“Let’s be honest with ourselves for once,” said Gene. “I was the one who found Defarge, hatless, coatless, his shirt torn open at the neck, wandering about in the old cemetery on the evening of tap day. I took him to his room and watched him all night long.”
“And you’ve told us how he raved about Merriwell’s dead eyes,” came hoarsely from Hull.
“The fellow had been drinking dope of some sort,” asserted Gene. “I’ve told you that.”
“Dwiven to dwink by the injuthice he had endured,” put in Lew, with an effort to be dramatic.
“Just so, chummie,” nodded Ollie.
“He had taken to drink, all right, all right,” nodded Gene. “But he acted exactly as if he had been hypnotized by those dead eyes he raved about.”
“What do you suppose made him talk about Merriwell having dead eyes?” asked Chickering.
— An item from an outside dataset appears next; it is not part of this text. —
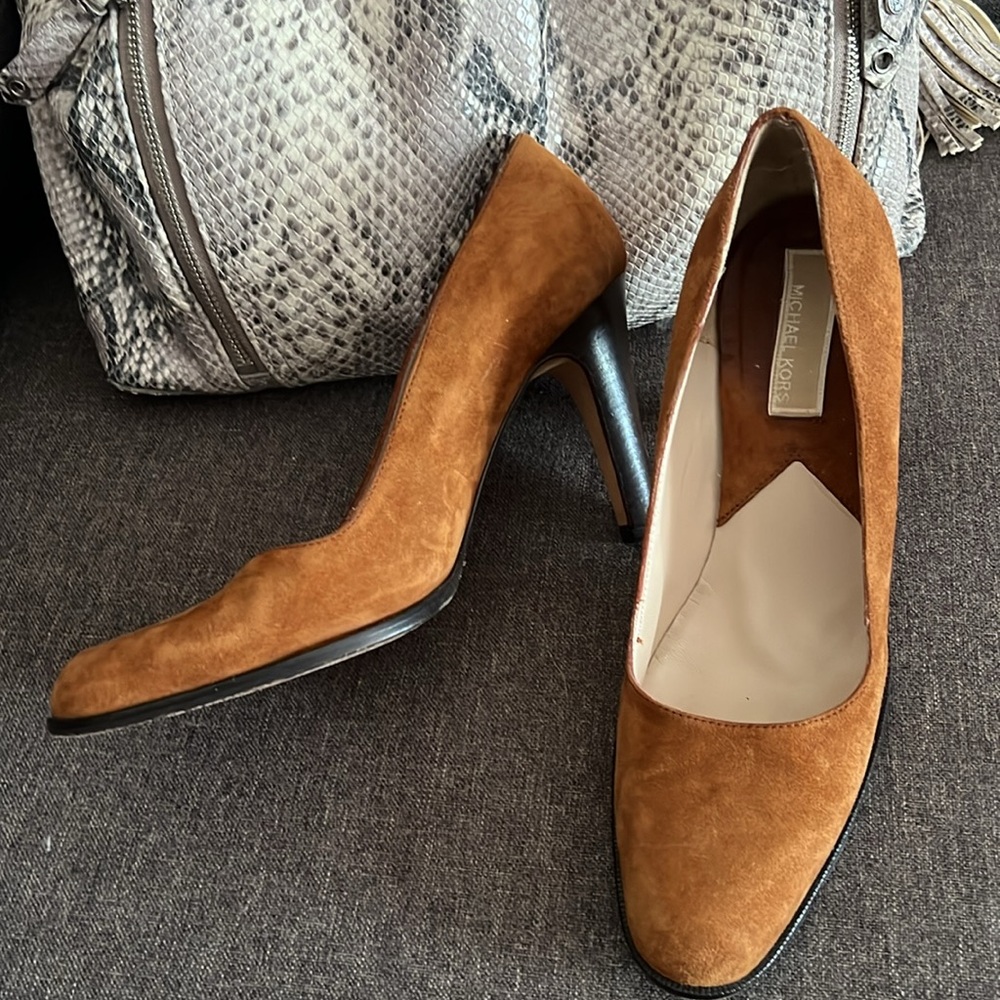MICHAEL KORS Made in Italy Brown Suede Luxury Heels/ Pumps Size 7 - Picture 1 of 12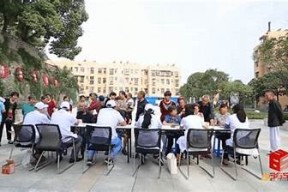 海角社区热议：海角杂谈大事记，分享社区生活点滴与话题探讨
“I was with him long enough to know that he seemed to see some sort of vision. He talked about a fountain in the blackness of a dark night, and a face down in the fountain—a face that seemed luminous, so he could see it for all of the darkness. It seemed to me that he thought he had drowned Merriwell in that fountain, but he fancied it was far off in Italy, or some foreign country.”
“And all those wild fancies were brought about by his terrible disappointment,” said Julian Ives.